= What is expected =
Would you give the entries below again in full, exactly as they stand?

= Provided material =
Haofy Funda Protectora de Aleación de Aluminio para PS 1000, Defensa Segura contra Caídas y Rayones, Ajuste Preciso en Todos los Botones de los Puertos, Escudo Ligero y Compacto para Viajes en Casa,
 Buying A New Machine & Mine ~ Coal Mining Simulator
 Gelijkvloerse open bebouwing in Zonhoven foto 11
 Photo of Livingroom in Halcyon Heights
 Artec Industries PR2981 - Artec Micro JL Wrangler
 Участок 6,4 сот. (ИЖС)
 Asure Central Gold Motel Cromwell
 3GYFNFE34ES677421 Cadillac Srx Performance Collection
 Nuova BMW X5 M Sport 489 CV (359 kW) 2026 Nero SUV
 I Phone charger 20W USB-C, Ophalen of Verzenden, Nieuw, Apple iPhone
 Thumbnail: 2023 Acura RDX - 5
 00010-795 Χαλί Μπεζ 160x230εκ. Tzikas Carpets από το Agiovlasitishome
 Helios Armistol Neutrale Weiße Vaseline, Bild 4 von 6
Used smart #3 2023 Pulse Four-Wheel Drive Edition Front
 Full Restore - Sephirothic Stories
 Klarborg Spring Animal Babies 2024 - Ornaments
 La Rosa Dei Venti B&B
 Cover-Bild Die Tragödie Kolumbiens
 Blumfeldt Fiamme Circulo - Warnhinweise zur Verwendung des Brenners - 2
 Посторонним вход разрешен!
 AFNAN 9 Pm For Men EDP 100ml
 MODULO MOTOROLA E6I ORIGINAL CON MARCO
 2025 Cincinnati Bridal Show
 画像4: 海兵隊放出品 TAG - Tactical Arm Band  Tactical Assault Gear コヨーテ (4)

= Result of this task =
Haofy Funda Protectora de Aleación de Aluminio para PS 1000, Defensa Segura contra Caídas y Rayones, Ajuste Preciso en Todos los Botones de los Puertos, Escudo Ligero y Compacto para Viajes en Casa,
 Buying A New Machine & Mine ~ Coal Mining Simulator
 Gelijkvloerse open bebouwing in Zonhoven foto 11
 Photo of Livingroom in Halcyon Heights
 Artec Industries PR2981 - Artec Micro JL Wrangler
 Участок 6,4 сот. (ИЖС)
 Asure Central Gold Motel Cromwell
 3GYFNFE34ES677421 Cadillac Srx Performance Collection
 Nuova BMW X5 M Sport 489 CV (359 kW) 2026 Nero SUV
 I Phone charger 20W USB-C, Ophalen of Verzenden, Nieuw, Apple iPhone
 Thumbnail: 2023 Acura RDX - 5
 00010-795 Χαλί Μπεζ 160x230εκ. Tzikas Carpets από το Agiovlasitishome
 Helios Armistol Neutrale Weiße Vaseline, Bild 4 von 6
Used smart #3 2023 Pulse Four-Wheel Drive Edition Front
 Full Restore - Sephirothic Stories
 Klarborg Spring Animal Babies 2024 - Ornaments
 La Rosa Dei Venti B&B
 Cover-Bild Die Tragödie Kolumbiens
 Blumfeldt Fiamme Circulo - Warnhinweise zur Verwendung des Brenners - 2
 Посторонним вход разрешен!
 AFNAN 9 Pm For Men EDP 100ml
 MODULO MOTOROLA E6I ORIGINAL CON MARCO
 2025 Cincinnati Bridal Show
 画像4: 海兵隊放出品 TAG - Tactical Arm Band  Tactical Assault Gear コヨーテ (4)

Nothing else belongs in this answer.